My personal dotfiles repository. Accumulated configuration wisdom from years of macOS development work, carefully curated and battle-tested.
This is the exact setup I use daily for building software. No aspirational configurations here, this is the real deal.
Shell configuration: Switched from bash to zsh years ago, never looked back. The .zshrc includes Starship prompt integration (git status without the oh-my-zsh performance hit), extensive history configuration that works as expected, auto-suggestions that feel magical.
Git integration: The .gitconfig contains aliases accumulated over years of usage. Some obvious (co for checkout), others workflow-specific. The .gitexcludes handles global ignore patterns like .DS_Store, misplaced node_modules.
Development environment: The .exports file handles environment variables and PATH configuration. Setup gracefully loads additional dotfiles (.path, .functions, .extra, .git_aliases) if they exist. Nice modular approach.
I exclude the .config/ directory. While my nvim configuration is sophisticated (LSP integration, tree-sitter), those configurations are highly personal and change frequently. This repository focuses on foundational shell and git setup that remains stable.
Uses the "whitelist approach". The .gitignore blocks everything (/*) then explicitly includes tracked files. Prevents accidentally committing sensitive files while keeping the repository focused.

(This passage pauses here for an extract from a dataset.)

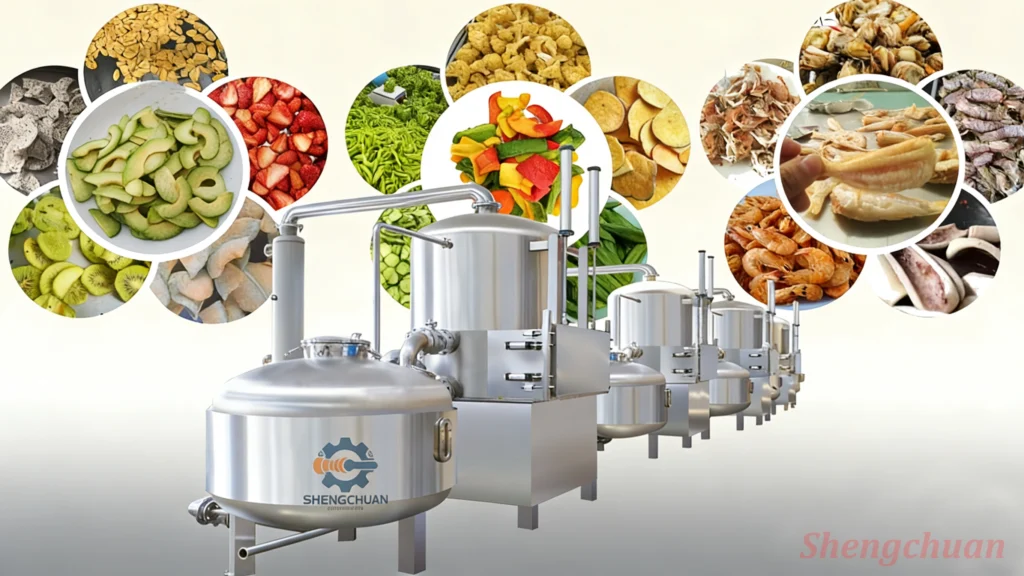 banana vacuum frying machine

Pattern learned from Zach Holman's dotfiles years ago. Much cleaner than maintaining an exhaustive blacklist.
No automated installer script. Blindly running someone else's dotfile installer is disaster-prone. You end up with configurations you don't understand, changes you can't debug.
Instead: examine each file individually and cherry-pick what makes sense for your workflow. Shell configuration assumes Starship is installed (brew install starship). Zsh setup requires zsh-autosuggestions and zsh-history-substring-search from Homebrew.
The git configuration includes my name and email. Change those.
I've learned more from reading other developers' dotfiles than almost any other source. Something uniquely valuable about seeing actual tools and shortcuts productive developers rely on daily.
These configurations represent thousands of refinement hours. If one alias or configuration option saves you time, this repository served its purpose.